Her dress sense is a tad eye watering. I am not known for wearing “normal” middle aged woman clothes, but at least I can colour coordinate. I am sure it will come together one day, but at the moment I feel like putting a sign on her back saying “She dressed herself!”
She is very, very confident and independent and is very insistent that everything goes her way, all the time. I am fighting this battle, but the boys in the house seem to let her get away with murder. Which actually might be a useful skill when she is older, hmmm maybe a good thing, but drives me nuts.

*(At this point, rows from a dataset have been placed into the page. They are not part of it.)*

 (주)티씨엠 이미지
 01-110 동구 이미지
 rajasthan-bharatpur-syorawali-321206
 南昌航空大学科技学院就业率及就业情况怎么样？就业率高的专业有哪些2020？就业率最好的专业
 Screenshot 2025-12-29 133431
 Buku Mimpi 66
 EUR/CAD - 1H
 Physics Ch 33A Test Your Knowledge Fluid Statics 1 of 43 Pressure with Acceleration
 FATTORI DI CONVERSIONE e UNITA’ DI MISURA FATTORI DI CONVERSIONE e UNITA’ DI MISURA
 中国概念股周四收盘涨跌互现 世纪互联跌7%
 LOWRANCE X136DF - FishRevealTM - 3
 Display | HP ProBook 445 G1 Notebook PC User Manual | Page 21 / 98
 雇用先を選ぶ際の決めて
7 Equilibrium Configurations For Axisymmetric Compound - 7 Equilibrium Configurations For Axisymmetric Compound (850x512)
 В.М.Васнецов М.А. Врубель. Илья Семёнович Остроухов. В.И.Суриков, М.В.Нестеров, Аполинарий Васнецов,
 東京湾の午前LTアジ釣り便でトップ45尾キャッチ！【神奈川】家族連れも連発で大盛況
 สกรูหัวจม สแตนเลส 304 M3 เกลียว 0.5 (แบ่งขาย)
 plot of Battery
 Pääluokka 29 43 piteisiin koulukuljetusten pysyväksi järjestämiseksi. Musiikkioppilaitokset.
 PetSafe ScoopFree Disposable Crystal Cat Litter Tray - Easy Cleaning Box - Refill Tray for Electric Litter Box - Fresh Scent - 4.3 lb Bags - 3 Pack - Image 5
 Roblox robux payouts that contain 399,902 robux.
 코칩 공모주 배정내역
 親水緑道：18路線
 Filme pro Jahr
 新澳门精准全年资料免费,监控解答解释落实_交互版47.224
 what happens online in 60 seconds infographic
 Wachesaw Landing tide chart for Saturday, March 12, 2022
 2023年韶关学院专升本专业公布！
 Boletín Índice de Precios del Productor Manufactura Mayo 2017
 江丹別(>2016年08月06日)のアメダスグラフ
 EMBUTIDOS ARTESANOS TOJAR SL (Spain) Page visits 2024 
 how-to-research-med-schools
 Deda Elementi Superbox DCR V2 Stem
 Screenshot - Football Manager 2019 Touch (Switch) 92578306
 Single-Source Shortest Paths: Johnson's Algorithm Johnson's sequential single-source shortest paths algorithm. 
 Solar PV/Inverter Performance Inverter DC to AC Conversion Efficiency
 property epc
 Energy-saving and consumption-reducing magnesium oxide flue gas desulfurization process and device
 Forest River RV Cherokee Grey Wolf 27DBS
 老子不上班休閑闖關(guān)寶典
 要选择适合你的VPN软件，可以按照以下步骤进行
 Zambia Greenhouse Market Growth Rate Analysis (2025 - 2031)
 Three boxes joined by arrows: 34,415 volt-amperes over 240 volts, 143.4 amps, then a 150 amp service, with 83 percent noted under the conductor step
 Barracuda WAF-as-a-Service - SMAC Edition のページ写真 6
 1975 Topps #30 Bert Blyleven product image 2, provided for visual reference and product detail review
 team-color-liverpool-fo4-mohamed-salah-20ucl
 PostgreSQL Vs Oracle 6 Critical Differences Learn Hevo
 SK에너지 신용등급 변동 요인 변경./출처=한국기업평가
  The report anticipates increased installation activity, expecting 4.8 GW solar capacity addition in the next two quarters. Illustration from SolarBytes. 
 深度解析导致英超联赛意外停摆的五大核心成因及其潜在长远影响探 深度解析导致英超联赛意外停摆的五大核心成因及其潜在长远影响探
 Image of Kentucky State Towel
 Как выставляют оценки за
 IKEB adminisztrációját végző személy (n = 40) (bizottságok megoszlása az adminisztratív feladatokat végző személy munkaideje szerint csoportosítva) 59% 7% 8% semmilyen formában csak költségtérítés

She wants stuff all the time, constantly, especially if it involves sugar or is plastic useless tat! This I find very difficult to deal with. If I let her she will eat garbage all day, constantly grazing and searching in cupboards. In reaction we have very little stuff she classes as edible in the cupboards and I have set certain times she is allowed to eat. Sometimes I see her sitting watching the clock in the kitchen waiting for the time to tick by. I am also trying to teach her the value of shopping around, secondhand and budgeting – which she finds boring, but I am insistent and will slog away.
She lies – beautifully. It’s a bit scary. I am able to pick the lies up, as they are just a bit too fantastic, but there will come a day when she lies to me with that perfectly straight face and I will have no idea. I just hope that all the lessons I am hammering into her will have kicked in and that anything she lies about will not be harmful to her. It does make her a wonderful storyteller though, which makes her more like me than I thought – although my stories are dramatised truth, hers are just fantasy.
Maybe I am a little bit jealous of this volatile child. She is so strong and so confident and so vivacious. I really do feel that when she figures it all out, she will be totally in charge of her life. I don’t worry about her future as I do my complicated boy – I am sure this girl will conquer her world and giggle and laugh loudly whilst she is doing it.